То, что регресс закономерен, не означает, что мы должны сидеть сложа руки. Мы обязаны вырваться из этого болота.

Какой конечный пункт нашего маршрута?

Мы должны построить общество равных возможностей, в котором политическая элита подотчетна гражданам, а группы интересов не могут сдерживать социальный и экономический прогресс. Пользуясь терминологией авторов известной книги Why Nations Fail Дарона Аджемоглу и Джеймса Робинсона, мы должны заменить экстрактивные политические и экономические институты, служащие меньшинству, инклюзивными, или открытыми для всех.
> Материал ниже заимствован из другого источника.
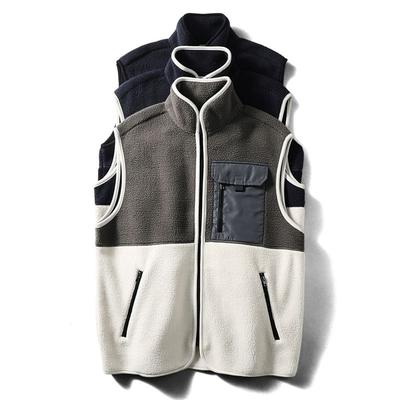 Japan Fashion Retro Double-sided Polar Fleece Vest Men's Autumn and Winter Outer Wear Warm Vest Outerwear Foreign Trade Men's Clothing Vest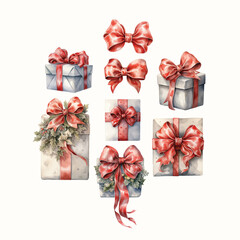 watercolor christmas gift boxes with ribbon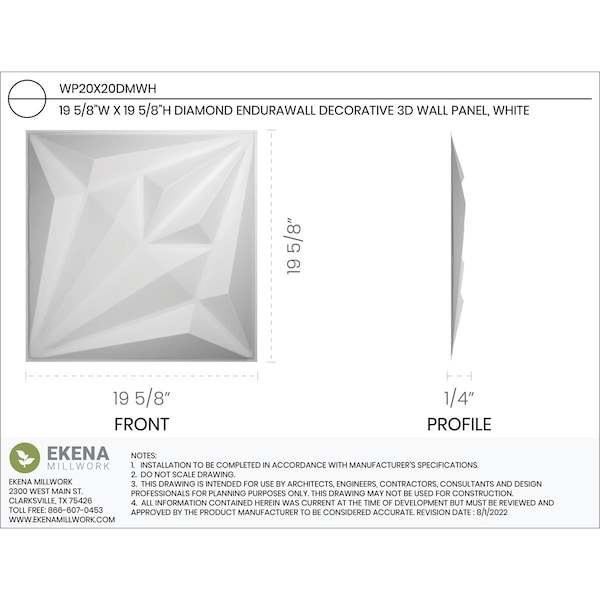 Ekena Millwork 19 5/8in. W x 19 5/8in. H Diamond EnduraWall Decorative 3D Wall Panel, White, 10PK - WP20X20DMWH-CASE-10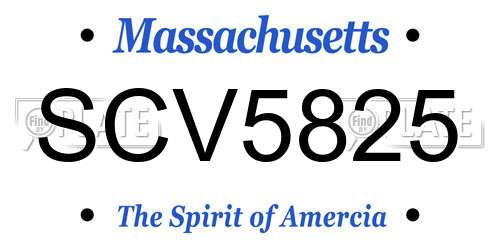 SCV5825 Massachusetts License Plate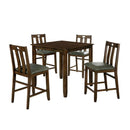 5 Piece Wooden Counter Height Set With Square Table, Brown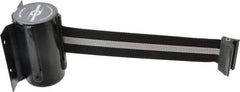 Tensator - 4-1/2" High x 90" Long Wall Mount Tensabarrier - Steel, Black Powdercoat Finish, Black, Use with Tensabarrier - Industrial Tool & Supply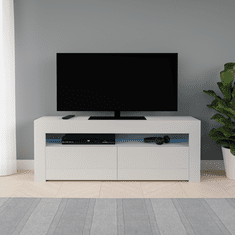 3E 3xE living.com Moderní TV stolek KIM o délce 160 cm, matná bílá / lesklá bílá LED 
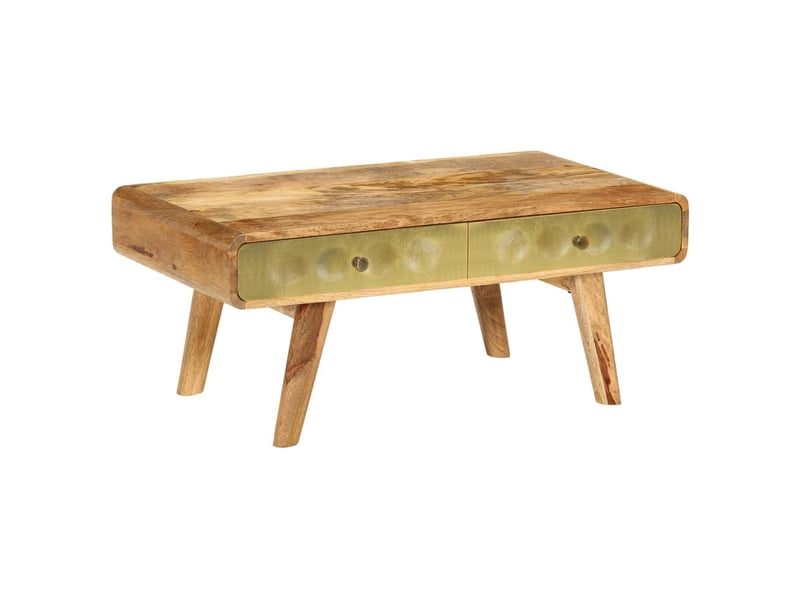  Table basse - table de salon - table à thé bois de manguier massif 90x50x40 cm  - Conforama A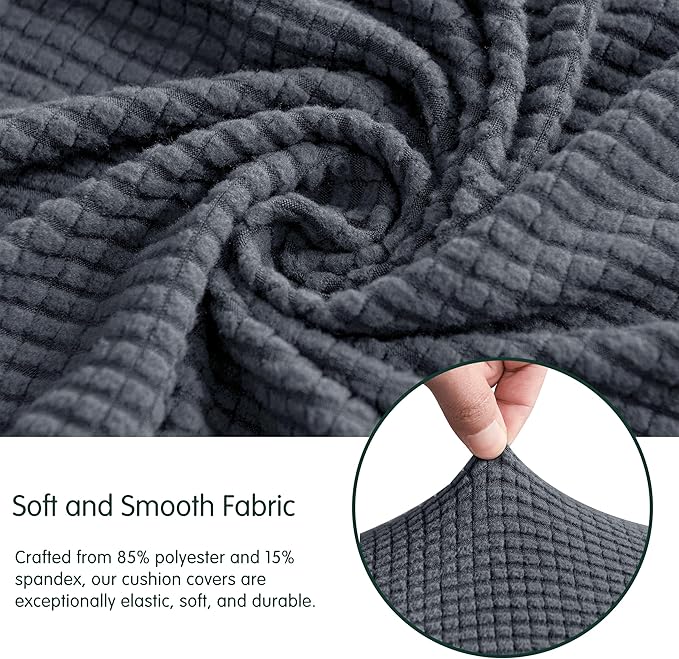 CHUN YI Medium Couch Cushion Cover Stretch for Loveseat, Sofa Seat Slipcovers for Pets, Suitable for Armchair Loveseat Sofa with Spandex Jacquard Washable Fabric(Medium,Grey)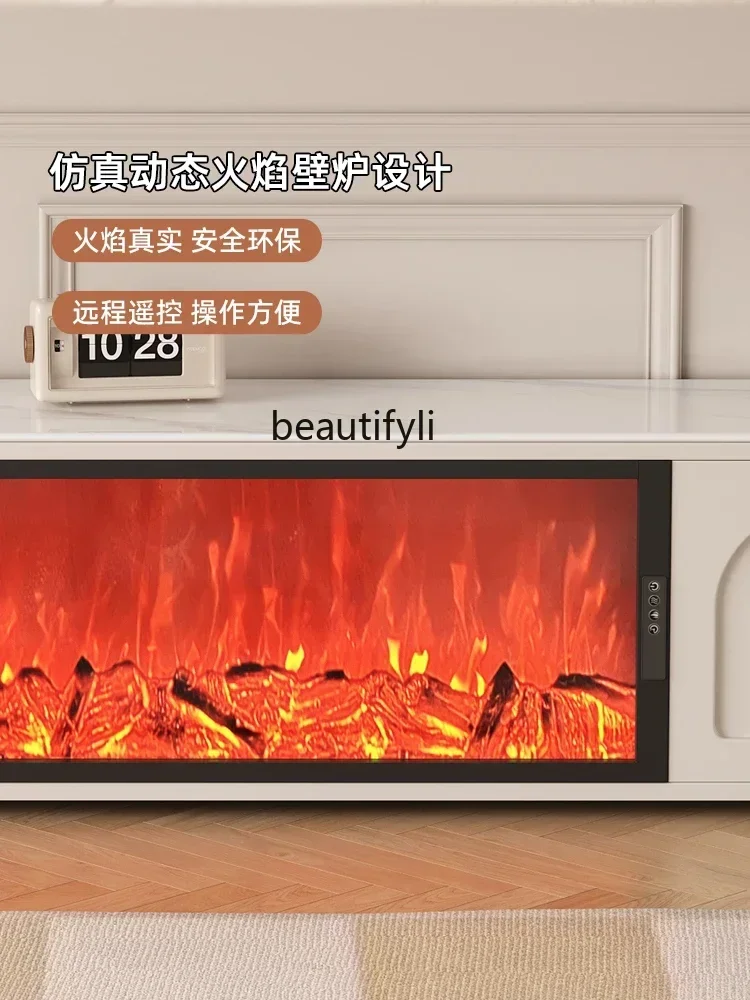 NQ New Electronic Fireplace Decoration Simulation Flame Integrated White Cream Style High Sense Living Room TV Cabinet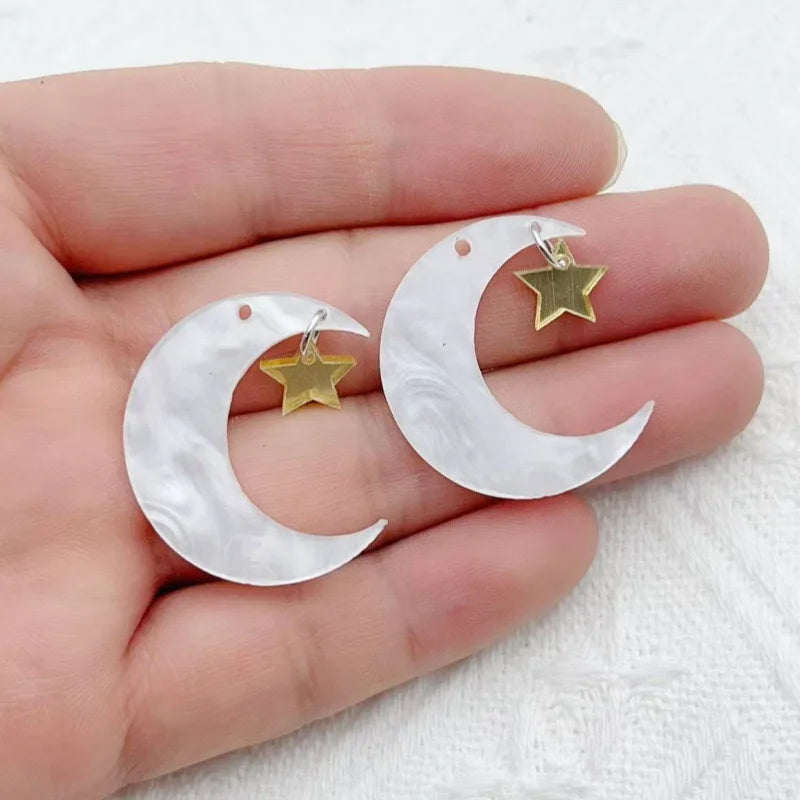 10pcs Acrylic Moon Cat Pendant DIY Accessories Earrings Accessories with Small Pendants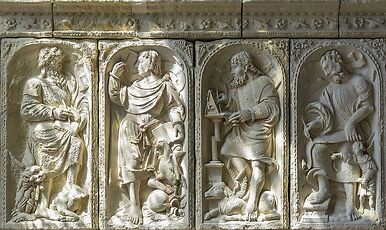 Quatre évangélistes et leurs attributs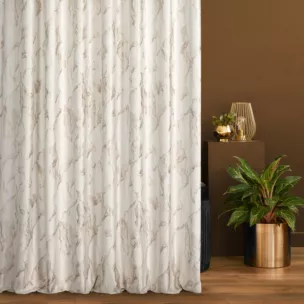 Zasłona szyta na taśmie 5 cm kremowo złocista z tkaniny welwetowej ze złotym marmurkowym nadrukiem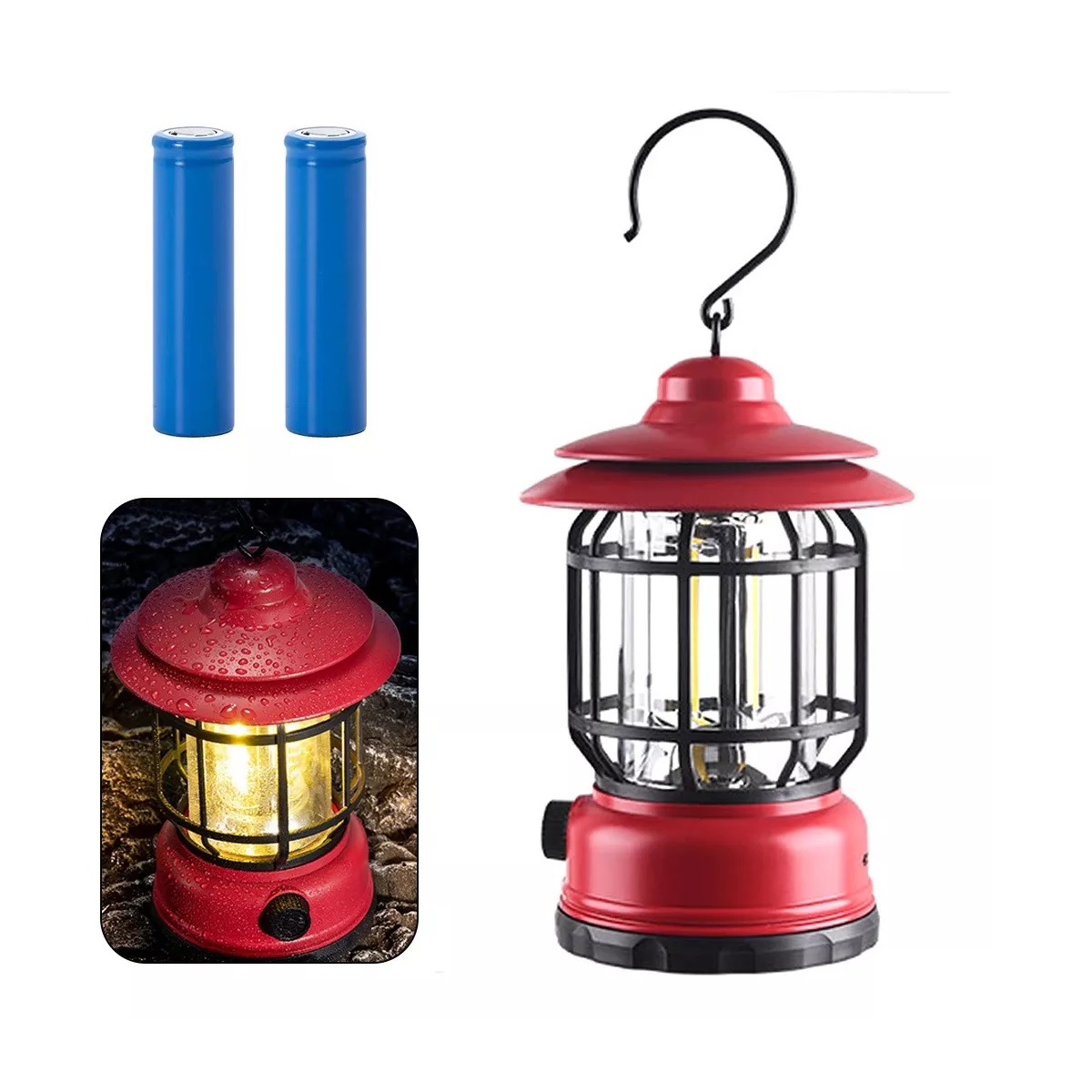 Lámpara Para Acampar Camping Recargables Linterna Rojo.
Ключевую роль в этой трансформации играет верховенство права, перед которым все равны, невзирая на связи, заслуги, имущественный и социальный статус.

И в украинском обществе, и среди наших западных союзников существует консенсус относительно того, какая реформа является главной. Летний опрос общественного мнения ставит на первое место борьбу с коррупцией (65 % опрошенных) и связанную с ней реформу системы правопорядка (58 %)[33].

Люди требуют справедливости, и власть обязана ее обеспечить. Задача-минимум — наказать тех, кто в это тяжелейшее время продолжает заниматься коррупцией. Если для этого нужно проводить аресты в прямом эфире, как было с главой Госслужбы по чрезвычайным ситуациям Сергеем Бочковским, которого задержали прямо на заседании правительства, — значит так тому и быть. Главное только, чтобы такие дела доводились до конца.

Одновременно необходимо устранять основы коррупции, сокращая присутствие государства в экономике и общественной жизни. При этом нужно усиливать государство там, где речь идет о его базовых функциях, — прежде всего в правоохранительной системе.

Украинцы испытывают глубокое недоверие к институтам, призванным обеспечивать верховенство права. Опрос, проведенный в марте 2015 года, зафиксировал, что суды, прокуратура и милиция — лидеры «антирейтинга». Полностью или скорее не доверяют судам 81,4 % опрошенных, прокуратуре — 75,9 %, милиции — 69,2 %[34].

Для успешной борьбы с коррупцией и поддержания верховенства права нам предстоит полностью обновить всю правоохранительную и судебную систему.

Первые шаги в этом направлении сделаны. Летом 2015 года на улицах крупнейших украинских городов появилась новая полиция. Опросы показывают, что это пока самая популярная реформа из всех, проведенных после революции. Ее поддерживают и правые, и левые, и центристы. Ничего удивительного в этом нет. Вместо обрюзгших, озабоченных не столько поддержанием порядка, сколько личной корыстью милиционеров на улицы крупнейших украинских городов вышли молодые, подтянутые «люди в черном». Главное их отличие от предшественников — нацеленность на то, чтобы помочь согражданам, а не наказать или угрозой наказания вышибить из людей какую-то мзду.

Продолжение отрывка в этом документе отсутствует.